Instructions to follow -
Working from the records below, repeat exactly the lines starting at the line that contains "We'll just use" and ending at the line that contains "This concept is", inclusive.
Information provided below:
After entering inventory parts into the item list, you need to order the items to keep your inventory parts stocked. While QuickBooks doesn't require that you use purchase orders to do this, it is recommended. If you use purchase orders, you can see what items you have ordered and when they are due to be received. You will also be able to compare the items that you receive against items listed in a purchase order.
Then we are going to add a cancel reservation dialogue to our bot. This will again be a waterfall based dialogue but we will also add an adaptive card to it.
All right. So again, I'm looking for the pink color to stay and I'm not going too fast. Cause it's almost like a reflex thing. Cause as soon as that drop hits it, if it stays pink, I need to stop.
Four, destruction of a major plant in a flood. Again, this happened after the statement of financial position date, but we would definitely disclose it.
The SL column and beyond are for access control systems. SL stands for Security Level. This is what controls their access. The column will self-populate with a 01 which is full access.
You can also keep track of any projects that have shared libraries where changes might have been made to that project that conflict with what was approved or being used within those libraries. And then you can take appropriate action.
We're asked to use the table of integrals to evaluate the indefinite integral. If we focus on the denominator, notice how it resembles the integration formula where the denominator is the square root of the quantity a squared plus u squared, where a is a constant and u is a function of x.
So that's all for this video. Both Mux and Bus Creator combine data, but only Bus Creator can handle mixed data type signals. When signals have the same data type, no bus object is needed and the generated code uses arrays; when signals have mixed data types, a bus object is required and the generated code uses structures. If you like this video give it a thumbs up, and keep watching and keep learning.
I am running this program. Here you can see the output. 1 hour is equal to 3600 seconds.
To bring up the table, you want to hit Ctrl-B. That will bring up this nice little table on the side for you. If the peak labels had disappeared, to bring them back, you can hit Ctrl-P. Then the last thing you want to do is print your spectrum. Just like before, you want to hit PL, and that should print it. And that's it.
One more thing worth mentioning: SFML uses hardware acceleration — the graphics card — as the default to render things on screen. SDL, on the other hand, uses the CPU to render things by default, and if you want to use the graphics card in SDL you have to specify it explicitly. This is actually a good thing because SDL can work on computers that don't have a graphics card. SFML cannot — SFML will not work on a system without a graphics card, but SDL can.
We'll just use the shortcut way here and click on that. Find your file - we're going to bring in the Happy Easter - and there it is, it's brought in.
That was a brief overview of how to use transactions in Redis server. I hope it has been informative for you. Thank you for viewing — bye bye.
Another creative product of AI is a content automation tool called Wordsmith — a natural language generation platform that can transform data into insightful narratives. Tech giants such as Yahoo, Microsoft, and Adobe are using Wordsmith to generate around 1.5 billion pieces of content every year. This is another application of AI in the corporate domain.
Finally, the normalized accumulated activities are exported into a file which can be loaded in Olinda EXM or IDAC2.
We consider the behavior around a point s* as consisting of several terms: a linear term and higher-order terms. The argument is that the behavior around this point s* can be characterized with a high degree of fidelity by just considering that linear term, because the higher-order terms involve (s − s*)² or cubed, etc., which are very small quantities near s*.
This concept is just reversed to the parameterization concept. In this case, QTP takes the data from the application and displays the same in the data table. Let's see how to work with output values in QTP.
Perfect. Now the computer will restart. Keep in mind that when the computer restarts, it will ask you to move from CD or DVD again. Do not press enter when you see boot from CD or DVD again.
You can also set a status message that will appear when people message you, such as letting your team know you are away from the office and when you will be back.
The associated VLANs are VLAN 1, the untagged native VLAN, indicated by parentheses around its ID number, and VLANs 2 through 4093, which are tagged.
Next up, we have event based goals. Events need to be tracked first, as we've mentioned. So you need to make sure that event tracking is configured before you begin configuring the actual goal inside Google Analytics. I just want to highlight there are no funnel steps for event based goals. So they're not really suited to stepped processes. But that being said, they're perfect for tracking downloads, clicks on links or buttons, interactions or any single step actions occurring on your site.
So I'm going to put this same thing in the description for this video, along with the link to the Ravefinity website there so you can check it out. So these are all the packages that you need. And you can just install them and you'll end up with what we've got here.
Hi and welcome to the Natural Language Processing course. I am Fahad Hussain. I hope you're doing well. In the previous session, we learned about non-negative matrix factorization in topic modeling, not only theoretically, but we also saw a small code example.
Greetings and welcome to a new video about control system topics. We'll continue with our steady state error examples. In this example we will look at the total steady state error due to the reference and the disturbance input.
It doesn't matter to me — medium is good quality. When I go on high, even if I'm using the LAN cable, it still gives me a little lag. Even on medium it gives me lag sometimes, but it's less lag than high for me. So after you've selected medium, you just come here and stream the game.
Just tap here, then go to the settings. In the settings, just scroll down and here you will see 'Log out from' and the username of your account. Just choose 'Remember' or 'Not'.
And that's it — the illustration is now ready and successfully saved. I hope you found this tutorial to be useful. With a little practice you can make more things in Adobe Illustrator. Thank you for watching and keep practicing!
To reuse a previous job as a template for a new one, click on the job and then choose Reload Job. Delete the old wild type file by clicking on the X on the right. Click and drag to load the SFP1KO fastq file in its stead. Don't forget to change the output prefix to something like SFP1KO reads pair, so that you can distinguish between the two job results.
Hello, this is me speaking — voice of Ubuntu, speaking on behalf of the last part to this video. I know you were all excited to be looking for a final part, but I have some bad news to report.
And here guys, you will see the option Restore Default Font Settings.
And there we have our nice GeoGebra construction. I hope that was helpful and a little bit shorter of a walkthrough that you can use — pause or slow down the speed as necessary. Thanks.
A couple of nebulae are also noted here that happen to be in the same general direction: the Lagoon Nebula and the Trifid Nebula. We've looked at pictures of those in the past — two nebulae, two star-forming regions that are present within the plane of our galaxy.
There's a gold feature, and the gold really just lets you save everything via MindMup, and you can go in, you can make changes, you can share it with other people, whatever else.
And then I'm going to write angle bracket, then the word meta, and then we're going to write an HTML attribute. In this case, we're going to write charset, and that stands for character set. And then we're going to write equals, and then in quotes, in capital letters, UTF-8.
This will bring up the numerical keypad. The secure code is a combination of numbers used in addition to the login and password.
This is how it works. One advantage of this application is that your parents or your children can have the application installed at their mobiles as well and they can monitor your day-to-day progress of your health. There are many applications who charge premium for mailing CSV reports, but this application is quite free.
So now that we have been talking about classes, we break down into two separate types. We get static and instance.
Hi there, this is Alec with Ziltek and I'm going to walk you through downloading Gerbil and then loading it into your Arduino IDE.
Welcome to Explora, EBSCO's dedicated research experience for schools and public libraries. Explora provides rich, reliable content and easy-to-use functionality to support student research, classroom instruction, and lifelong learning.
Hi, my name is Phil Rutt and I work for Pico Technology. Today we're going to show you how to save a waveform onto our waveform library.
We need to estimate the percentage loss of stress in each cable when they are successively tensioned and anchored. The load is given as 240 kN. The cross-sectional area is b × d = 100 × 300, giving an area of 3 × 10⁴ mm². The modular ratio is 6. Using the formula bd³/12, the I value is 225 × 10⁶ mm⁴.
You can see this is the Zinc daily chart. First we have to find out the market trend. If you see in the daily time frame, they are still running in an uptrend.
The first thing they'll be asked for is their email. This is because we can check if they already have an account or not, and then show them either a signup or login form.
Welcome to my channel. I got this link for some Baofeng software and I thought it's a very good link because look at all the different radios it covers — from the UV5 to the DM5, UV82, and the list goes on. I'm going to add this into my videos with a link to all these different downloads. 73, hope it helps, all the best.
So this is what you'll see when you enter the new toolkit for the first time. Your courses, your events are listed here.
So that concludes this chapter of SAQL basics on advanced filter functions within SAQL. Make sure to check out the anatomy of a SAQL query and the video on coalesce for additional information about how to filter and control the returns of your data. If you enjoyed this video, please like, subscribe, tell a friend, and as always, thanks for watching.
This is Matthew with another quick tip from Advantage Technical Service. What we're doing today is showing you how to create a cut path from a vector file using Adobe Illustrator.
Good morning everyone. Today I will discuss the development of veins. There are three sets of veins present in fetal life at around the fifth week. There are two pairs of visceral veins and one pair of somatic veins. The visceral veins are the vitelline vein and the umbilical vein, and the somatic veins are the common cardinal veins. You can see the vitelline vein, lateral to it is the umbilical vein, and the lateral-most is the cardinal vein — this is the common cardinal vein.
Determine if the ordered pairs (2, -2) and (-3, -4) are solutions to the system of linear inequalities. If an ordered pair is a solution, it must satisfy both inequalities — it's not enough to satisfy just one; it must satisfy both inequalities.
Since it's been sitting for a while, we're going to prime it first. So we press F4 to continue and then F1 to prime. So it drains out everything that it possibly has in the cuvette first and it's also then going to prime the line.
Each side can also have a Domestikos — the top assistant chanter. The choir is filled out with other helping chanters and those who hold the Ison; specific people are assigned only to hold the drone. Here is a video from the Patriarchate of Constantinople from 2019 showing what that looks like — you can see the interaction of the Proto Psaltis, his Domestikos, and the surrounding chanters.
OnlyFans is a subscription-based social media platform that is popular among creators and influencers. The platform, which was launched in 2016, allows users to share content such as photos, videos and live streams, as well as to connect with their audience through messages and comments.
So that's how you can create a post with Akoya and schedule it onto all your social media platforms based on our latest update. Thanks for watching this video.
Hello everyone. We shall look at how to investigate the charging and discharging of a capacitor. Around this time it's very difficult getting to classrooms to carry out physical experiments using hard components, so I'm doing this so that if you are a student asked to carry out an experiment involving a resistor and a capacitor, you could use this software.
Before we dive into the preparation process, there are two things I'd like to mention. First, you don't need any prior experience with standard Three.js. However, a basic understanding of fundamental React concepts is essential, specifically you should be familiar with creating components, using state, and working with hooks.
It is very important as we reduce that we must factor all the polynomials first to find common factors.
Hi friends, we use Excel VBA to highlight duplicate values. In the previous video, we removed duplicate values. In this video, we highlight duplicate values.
End of Information provided.
Task solution -
We'll just use the shortcut way here and click on that. Find your file - we're going to bring in the Happy Easter - and there it is, it's brought in.
That was a brief overview of how to use transactions in Redis server. I hope it has been informative for you. Thank you for viewing — bye bye.
Another creative product of AI is a content automation tool called Wordsmith — a natural language generation platform that can transform data into insightful narratives. Tech giants such as Yahoo, Microsoft, and Adobe are using Wordsmith to generate around 1.5 billion pieces of content every year. This is another application of AI in the corporate domain.
Finally, the normalized accumulated activities are exported into a file which can be loaded in Olinda EXM or IDAC2.
We consider the behavior around a point s* as consisting of several terms: a linear term and higher-order terms. The argument is that the behavior around this point s* can be characterized with a high degree of fidelity by just considering that linear term, because the higher-order terms involve (s − s*)² or cubed, etc., which are very small quantities near s*.
This concept is just reversed to the parameterization concept. In this case, QTP takes the data from the application and displays the same in the data table. Let's see how to work with output values in QTP.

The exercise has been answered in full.